The Replit Agent 3 released last week. Another step that blows my mind. Another tool that makes everything I do feel like it's already obsolete, or soon to be.

For about 30 seconds, I felt that familiar feeling. Shit. Is this it? Am I done? Should I try something else?

Then I thought about the world outside of my computer screen. I remembered: My wife still uses ChatGPT in a browser window. No account. Just types health questions and closes the tab (and she NEVER forgets to close the tab).

Here's what most people (me included) who are chronically online in nerdy arenas forget about everyone else.

Most humans aren't scrolling Twitter each morning hunting for the latest AI agent release. They're not signing up for beta access or watching 28-minute YouTube tutorials on how to automate an inventory system for a local pet shop (something I'm trying to figure out now).

They have businesses to run, kids to feed, problems to solve, and no time to figure out how to automate or "optimize"

And those problems? They're not going anywhere. The business will be run the same way until someone shows them a better way so they can spend more time feeding those kids.

The Excel Wizard

The bridge between cutting-edge tools and actual results will always need builders.

I think about how Excel changed so much in the working/business world. It made calculations 100x faster than pen and paper.
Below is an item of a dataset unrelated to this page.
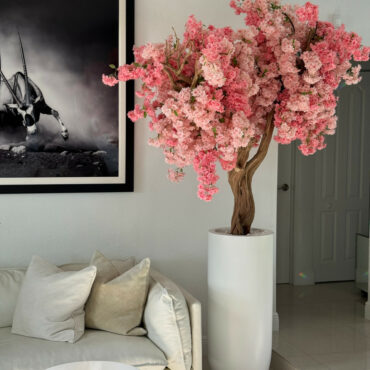 Cachepô St. Tropez Branco Fosco com Árvore de Flores de Cerejeira Rosa Sob Medida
I just looked it up and it came out 40 years ago. Only 12 years ago I remember getting to my internship as a 21 year old and I was looked at like some tech genius for knowing how to do a vlookup.

That internship was at one of the biggest companies in the world. Basic excel knowledge made me a 'spreadsheet wizard', 30 years after Excel had been released.
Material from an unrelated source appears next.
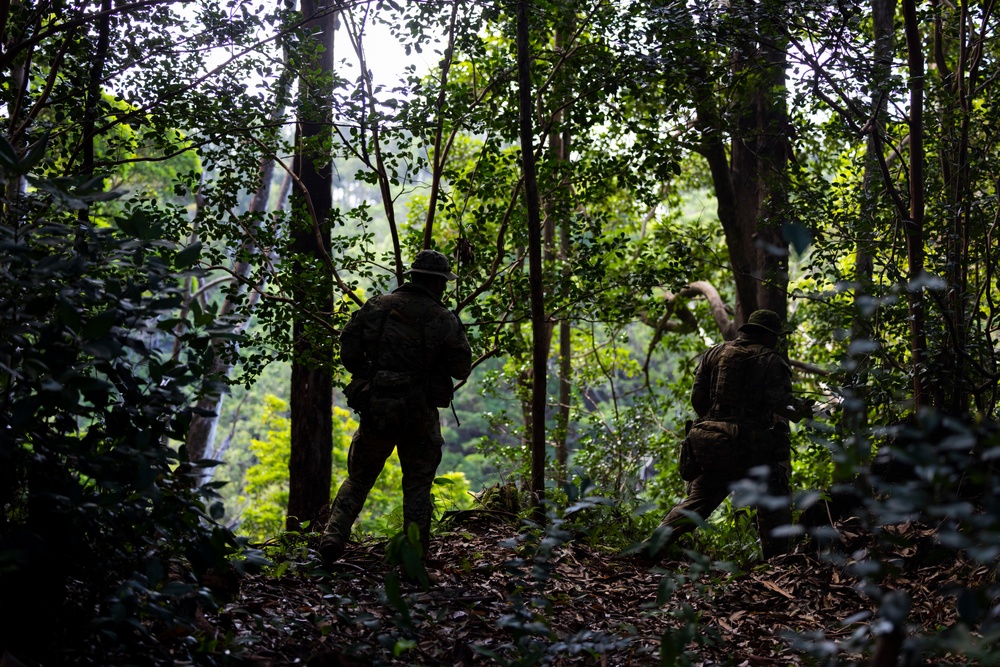 Marine Raiders conduct tracking training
It was adopted because it had to be. It made companies 100x most efficient, but most still didn't have to use it.

Why's that? Because you still had to:

  • Buy the software

  • Transfer your data

  • Learn the formulas

  • Debug your spreadsheets

  • Train your team

Most people paid someone else to figure it out, smart money. Then the employees just ran what they were told to run and only those who needed to get hired needed to learn (me).
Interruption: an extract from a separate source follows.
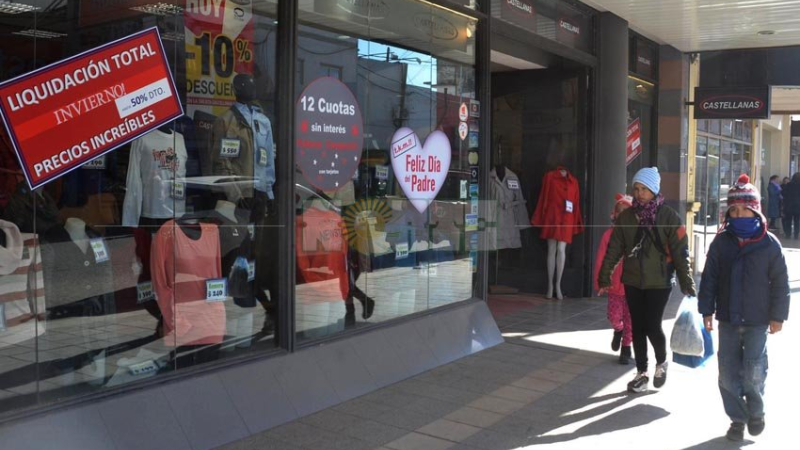 Comercios en crisis: cierran locales y apelan al “achique”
Today's AI Feels Identical

That's what ai automation feels like to me in today's world.

Sure, there will be agentic solutions coming that obsolete some automation, but back then there was custom software built that obsoleted the use for excel in some capacity.

But companies cannot constantly change solutions. It takes time and money to learn or train your employees to learn. Even with fully agentic solutions that will build full applications something still needs to:

  • Understand what it can do

  • Learn the interface

  • Iterate on outputs

  • Deploy and debug

  • Actually solve your specific problem

That's mental processing power. That's time. That's barriers that will never disappear.

Where The Real Money Lives

The opportunity isn't only in building the tools themselves it's in the transition.

If you are early there will be plenty of people to get on board. Why do I know they'll get on board? Because they're time and money is valuable to them and just like excel, this will make their business 100x more efficient.

So if you're thinking about this field just know your target market isn't the person who'll spend three weekends using Replit Agent 3. It's the business owner who wants their manual process automated but doesn't have someone internal to figure it out.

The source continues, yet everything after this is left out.